You’ve taken trips together, you’ve survived your first fight, and you’ve celebrated anniversaries. Now, you and your significant other are about to hit another milestone: moving in together.
Living together comes with all kinds of perks, like less rent and more quality time. But it’s a big transition, and lots of couples struggle with cohabitation.
You don’t have to be one of them.
Simply study up on these common mistakes couples make when moving in together. Once you know how to avoid them, you’ll be well on your way to domestic bliss.
Here are 10 missteps to avoid:
Mistake 1: Not talking about why you’re moving in
Moving in together is a huge step, so consider it carefully before you sign on the dotted (lease) line. You and your partner should have several conversations about this, but the first one should be about why you’re doing it.

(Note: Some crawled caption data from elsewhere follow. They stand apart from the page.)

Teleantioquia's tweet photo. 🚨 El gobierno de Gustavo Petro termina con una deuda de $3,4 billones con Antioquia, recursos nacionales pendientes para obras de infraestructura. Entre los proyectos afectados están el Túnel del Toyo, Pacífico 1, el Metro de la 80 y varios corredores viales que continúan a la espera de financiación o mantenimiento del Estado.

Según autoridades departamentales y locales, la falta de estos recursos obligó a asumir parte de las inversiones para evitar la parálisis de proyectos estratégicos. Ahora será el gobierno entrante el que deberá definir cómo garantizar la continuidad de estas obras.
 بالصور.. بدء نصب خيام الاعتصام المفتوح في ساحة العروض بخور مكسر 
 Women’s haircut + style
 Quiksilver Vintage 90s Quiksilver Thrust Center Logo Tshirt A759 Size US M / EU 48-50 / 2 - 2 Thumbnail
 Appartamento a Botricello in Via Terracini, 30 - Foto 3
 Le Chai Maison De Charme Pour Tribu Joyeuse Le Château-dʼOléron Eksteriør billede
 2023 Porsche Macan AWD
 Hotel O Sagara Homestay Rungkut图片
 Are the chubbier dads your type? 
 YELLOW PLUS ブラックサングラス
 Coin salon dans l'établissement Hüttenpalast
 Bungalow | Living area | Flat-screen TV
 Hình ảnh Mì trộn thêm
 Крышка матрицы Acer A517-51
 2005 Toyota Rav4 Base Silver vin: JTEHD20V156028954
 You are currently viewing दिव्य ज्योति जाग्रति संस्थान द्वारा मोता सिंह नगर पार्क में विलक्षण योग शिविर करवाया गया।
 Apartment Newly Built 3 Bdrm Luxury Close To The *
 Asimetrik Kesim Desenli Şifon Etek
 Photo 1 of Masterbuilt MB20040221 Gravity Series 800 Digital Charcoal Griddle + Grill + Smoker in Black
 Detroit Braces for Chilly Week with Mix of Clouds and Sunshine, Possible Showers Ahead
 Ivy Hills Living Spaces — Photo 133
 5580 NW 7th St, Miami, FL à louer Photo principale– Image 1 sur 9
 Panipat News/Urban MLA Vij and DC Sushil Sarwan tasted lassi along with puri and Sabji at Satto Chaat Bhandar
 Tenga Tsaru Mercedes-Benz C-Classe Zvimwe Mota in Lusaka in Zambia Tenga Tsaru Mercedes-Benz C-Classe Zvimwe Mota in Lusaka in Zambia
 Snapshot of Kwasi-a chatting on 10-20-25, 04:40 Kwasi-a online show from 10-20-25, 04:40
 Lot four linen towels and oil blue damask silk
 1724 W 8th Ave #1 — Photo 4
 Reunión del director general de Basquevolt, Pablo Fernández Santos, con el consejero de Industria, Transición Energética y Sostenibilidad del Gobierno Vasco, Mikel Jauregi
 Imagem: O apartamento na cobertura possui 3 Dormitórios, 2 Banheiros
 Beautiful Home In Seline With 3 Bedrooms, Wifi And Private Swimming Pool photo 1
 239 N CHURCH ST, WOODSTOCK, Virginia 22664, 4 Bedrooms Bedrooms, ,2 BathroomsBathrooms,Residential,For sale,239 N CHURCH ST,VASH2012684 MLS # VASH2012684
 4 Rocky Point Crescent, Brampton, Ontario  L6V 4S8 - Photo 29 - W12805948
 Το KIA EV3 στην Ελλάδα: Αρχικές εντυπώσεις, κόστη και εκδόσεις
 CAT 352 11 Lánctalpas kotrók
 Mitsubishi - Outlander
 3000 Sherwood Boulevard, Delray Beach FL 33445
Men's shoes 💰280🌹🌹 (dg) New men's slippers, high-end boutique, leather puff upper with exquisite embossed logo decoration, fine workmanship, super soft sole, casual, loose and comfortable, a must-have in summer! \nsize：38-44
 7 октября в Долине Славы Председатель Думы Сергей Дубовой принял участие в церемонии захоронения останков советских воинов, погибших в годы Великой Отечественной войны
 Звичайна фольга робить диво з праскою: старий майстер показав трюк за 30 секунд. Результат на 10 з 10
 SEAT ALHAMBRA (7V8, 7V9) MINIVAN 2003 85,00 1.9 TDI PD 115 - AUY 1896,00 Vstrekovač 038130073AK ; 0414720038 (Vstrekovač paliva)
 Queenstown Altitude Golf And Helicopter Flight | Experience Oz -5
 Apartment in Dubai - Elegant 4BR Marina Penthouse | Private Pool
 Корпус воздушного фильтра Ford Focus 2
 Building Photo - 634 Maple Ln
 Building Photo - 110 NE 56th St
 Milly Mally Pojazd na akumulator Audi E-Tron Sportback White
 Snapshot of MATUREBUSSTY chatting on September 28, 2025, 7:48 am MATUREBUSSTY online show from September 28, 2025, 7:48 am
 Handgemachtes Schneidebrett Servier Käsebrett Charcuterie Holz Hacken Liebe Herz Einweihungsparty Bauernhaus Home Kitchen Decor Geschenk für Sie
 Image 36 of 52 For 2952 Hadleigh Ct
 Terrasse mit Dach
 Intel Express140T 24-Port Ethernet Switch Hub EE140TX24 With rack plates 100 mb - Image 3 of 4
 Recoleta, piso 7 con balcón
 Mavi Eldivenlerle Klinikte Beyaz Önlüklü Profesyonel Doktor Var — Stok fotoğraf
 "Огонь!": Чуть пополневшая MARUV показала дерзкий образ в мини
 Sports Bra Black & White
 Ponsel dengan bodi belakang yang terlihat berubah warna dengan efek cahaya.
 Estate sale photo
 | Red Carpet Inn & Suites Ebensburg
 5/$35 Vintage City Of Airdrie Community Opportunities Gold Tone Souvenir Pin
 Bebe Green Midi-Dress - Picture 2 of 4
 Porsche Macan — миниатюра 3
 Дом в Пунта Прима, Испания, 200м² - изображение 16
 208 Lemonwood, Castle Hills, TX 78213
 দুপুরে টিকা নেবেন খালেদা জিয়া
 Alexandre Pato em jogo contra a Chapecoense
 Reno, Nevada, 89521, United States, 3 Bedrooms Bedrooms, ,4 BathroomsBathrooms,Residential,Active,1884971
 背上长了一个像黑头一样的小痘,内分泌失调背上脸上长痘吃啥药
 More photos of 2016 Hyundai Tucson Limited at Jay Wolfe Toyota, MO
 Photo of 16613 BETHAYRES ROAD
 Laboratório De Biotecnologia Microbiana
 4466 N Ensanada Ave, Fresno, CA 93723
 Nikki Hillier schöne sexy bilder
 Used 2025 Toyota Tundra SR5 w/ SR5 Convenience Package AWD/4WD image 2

Be honest: Why are you moving in together?
Is it because you’re sick of the subway commute to your partner’s place? Are you looking to save money on rent?
It’s totally fine if money and convenience are motivations for you — everyone likes having extra cash in the bank — but those shouldn’t be your only reasons.
So with that said, do you see this as a step toward marriage? What are your long-term goals and plans with this person?
It’s important to be transparent with each other in case you aren’t quite on the same page. Some people assume moving in together is an unspoken promise of engagement, only to discover their significant other doesn’t believe in marriage at all.
Whatever you do, don’t move in together because you think it’ll “save” your relationship. It definitely won’t, but it will place you in a legally binding living situation with your soon-to-be-ex.
Mistake 2: Ignoring the signs that you aren’t ready
Do you and your partner know how to compromise? More importantly, do you know how to move past fights?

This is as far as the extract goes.